Astonishing Swordsmen was clearly created in homage to the original boxed edition of Dungeons and Dragons (what’s known as the OE version, circa 1974, by Old School Renaissance gamers), and the contents reflect this. The box is massive — it’s like Gygax and Arneson’s original release got a Charles Atlas bodybuilding makeover. I was ooooing and awwwing for the first ten minutes as I pulled it open.
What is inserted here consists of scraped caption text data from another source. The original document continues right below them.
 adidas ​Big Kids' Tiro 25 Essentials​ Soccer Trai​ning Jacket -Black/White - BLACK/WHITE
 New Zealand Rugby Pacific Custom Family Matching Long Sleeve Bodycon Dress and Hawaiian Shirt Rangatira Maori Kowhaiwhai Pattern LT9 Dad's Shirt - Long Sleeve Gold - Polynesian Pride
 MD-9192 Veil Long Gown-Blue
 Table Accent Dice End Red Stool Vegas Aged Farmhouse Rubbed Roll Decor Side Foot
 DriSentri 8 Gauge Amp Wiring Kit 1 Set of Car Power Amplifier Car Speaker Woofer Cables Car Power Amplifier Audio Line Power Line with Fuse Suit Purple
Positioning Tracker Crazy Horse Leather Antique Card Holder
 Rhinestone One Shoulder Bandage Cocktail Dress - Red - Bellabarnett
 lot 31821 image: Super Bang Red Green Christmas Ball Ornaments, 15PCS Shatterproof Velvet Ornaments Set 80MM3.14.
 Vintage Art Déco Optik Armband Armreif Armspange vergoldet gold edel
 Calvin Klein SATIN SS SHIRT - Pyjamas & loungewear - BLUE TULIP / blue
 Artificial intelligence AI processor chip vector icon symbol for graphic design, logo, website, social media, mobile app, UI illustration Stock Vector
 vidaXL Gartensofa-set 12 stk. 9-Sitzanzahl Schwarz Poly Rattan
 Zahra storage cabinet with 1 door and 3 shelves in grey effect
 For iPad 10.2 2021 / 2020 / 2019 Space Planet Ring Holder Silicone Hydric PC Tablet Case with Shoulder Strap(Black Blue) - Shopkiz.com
Let’s start with the art: it’s terrific. Ian Baggley has done an absolutely fabulous job of not only creating a whole library of eye-catching fantasy images — illustrating dozens of exotic monsters, magic items, equipment, and intriguing characters — but he’s also captured the energy and spirit of OE D&D marvelously. There’s just the right amount of spot art and plenty of more detailed pieces depicting vast Hyperborean landscapes, dark dungeon hallways, looming towers, dagger-wielding snakemen, resolute explorers in torch-lit caverns, stooped sorcerers, and other intriguing characters.
My favorite piece shows four wide-eyed, fish-faced inhabitants of a decaying port town glancing fearfully at the reader; a merchant is quickly closing his door, and a parent hustles his mutant child away as you approach. What will the players do as they enter town? Destroy it? Take pity on its bizarre, inhuman inhabitants? What disturbing mysteries will they find? Only the game knows.
Spending just a few moments with these books took me right back to the heady days of the late 70s, when the marriage of gaming and weird fantasy was still brand new, and role-playing introduced me to a whole new kind of communal fantasy.
Let me say a word or two about those books. Like the box they came in, they’re massive. The three game books in my original Dungeons and Dragons boxed set were a slender 38 pages (I know — I just checked). There are only two books in the Astonishing Swordsmen box, but they’re both around 240 pages.
The books aren’t the only thing you have to coo over. My copy came with all the goodies at left (click on the image for a bigger version): a huge 22 x 28-inch poster map of Hyperborea, 6 character sheets, 6 polyhedral dice, and a personalized hand-written thank-you letter from author Jeffrey Talanian — made out to Alice (that’s the last time I use my wife’s Paypal account to pay for a role playing game).
I’d love to give you a detailed review, but the truth is I’ve been doing exactly the same thing as I did over three decades ago when I first purchased D&D — flipping back and forth excitedly between the books, not so much reading as soaking in the experience.
Let’s back up. So what is Astonishing Swordsmen, then?
It’s a hard-core sword-and-sorcery role-playing game with clear allegiance to the roots of weird fantasy. Meaning exactly what you think it does — the pulp fiction of Robert E. Howard, Lovecraft, and Clark Ashton Smith. Players aren’t offered generic character classes such as fighter or magic-users, or even Tolkien-inspired Rangers and Halflings. Instead, you play as an Amazon fighter, Atlantean magician, Esquimaux shaman, Hyperborean warlock, Ixian necromancer, Keltic barbarian, Kimmerian cataphract, Pictish thief, or Viking berserker.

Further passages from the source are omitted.